Basterà qualche manita sparata in faccia all’Osasuna di turno e nel prossimo autunno, quando il mio grande elettore e il suo collega di Vanuatu saranno chiamati a decidere, molto probabilmente Lui potrà vestire smoking e scarpe lucide per andare a ritirare il Pallone d’Oro. Il quinto consecutivo di una serie infinita. Lui è Leo Messi e il mio turbamento nasce dal fatto che, dopo aver visto naufragare il ciclo del Barcellona e contemporaneamente perdersi i sogni del Real Madrid, mi ero illuso che finalmente potesse toccare a qualcun’altro.
“Hai ragione, ma vedrai che i giurati delle Isole Vanuatu alla fine si ricorderanno solo che Messi ha fatto una vagonata di gol. Li hanno visti in tv e lo voteranno come hanno fatto sempre” mi ha spiegato paziente l’interlocutore. Fuor di metafora, nei prossimi mesi farò un tifo infernale perché chi uscirà trionfatore dalla finale di Wembley non si perda nei meandri della festa.
Se il legame che lega vittorie di squadra al Pallone d’Oro ha ancora un senso non è possibile che il 2013 premi Messi e nemmeno Cristiano Ronaldo. E con loro Xavi e Iniesta, cioè i quattro uomini che dal 2010 si scambiano i posti sul podio non lasciando spazio a nessuno. Vincerà un prodotto del calcio tedesco? Lo spero anche se manca un uomo copertina, perfettamente mediatico come Messi che piace a tutti (oltre ad essere il più forte) e che ha dietro di sè il motore potente degli sponsor.
Ho dato un’occhiata all’albo d’oro. Negli anni dispari, quelli senza Mondiale o Europeo, comanda la Champions. L’aveva vinta Messi nel 2009 e 2011 e prima ancora Kakà nel 2007. Non Ronaldinho all’apice della sua carriera nel 2005 e nemmeno Nedved nel 2003 e Owen nel 2001. Però il segnale mi pareva chiaro. O Champions o morte. Poi il mio amico mi ha ricordato le Isole Vanuatu e qualche dubbio mi è sorto. Mi è venuto in mente il 2010 e lo scippo a Sneijder e la faccia scura di chi comincia a essersi scocciato di premiare sempre Lui.
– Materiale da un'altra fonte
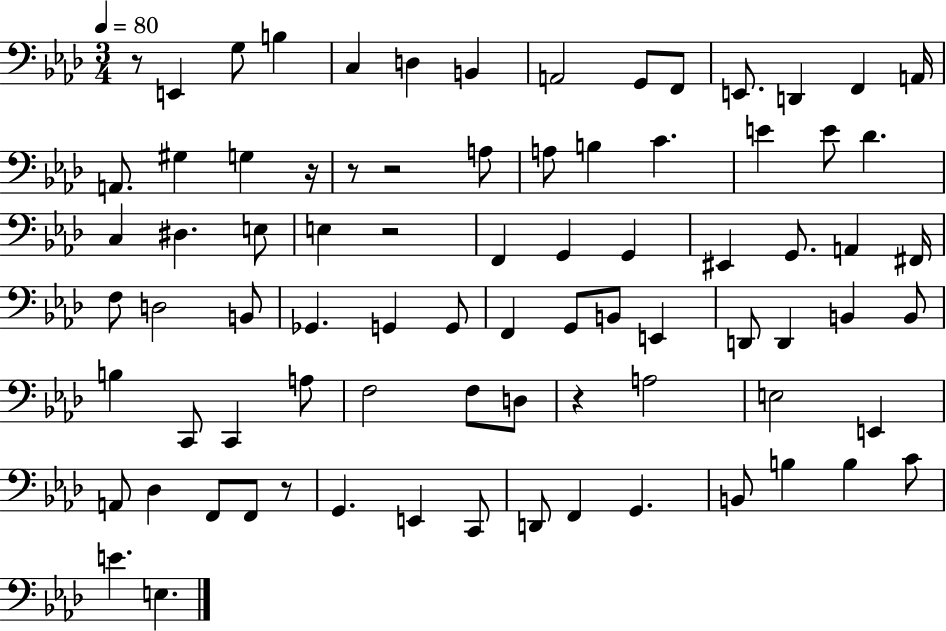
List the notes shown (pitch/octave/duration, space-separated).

R/e E2/q G3/e B3/q C3/q D3/q B2/q A2/h G2/e F2/e E2/e. D2/q F2/q A2/s A2/e. G#3/q G3/q R/s R/e R/h A3/e A3/e B3/q C4/q. E4/q E4/e Db4/q. C3/q D#3/q. E3/e E3/q R/h F2/q G2/q G2/q EIS2/q G2/e. A2/q F#2/s F3/e D3/h B2/e Gb2/q. G2/q G2/e F2/q G2/e B2/e E2/q D2/e D2/q B2/q B2/e B3/q C2/e C2/q A3/e F3/h F3/e D3/e R/q A3/h E3/h E2/q A2/e Db3/q F2/e F2/e R/e G2/q. E2/q C2/e D2/e F2/q G2/q. B2/e B3/q B3/q C4/e E4/q. E3/q.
Così ho deciso che lascerò scegliere il destino. Lewandowski, Robben, Muller o Schweinsteiger: non mi importa di chi si tratta. Basta che chi alzerà la coppa a Wembley poi non si fermi dopo l’estate. Sarà un test per tutti, anche per il prestigio del Pallone d’Oro. Orfani di Messi e Cristiano Ronaldo deve essere capace di trovare un altro vincitore. Altrimenti meglio lasciar perdere e volare tutti sulle Isole Vanuatu.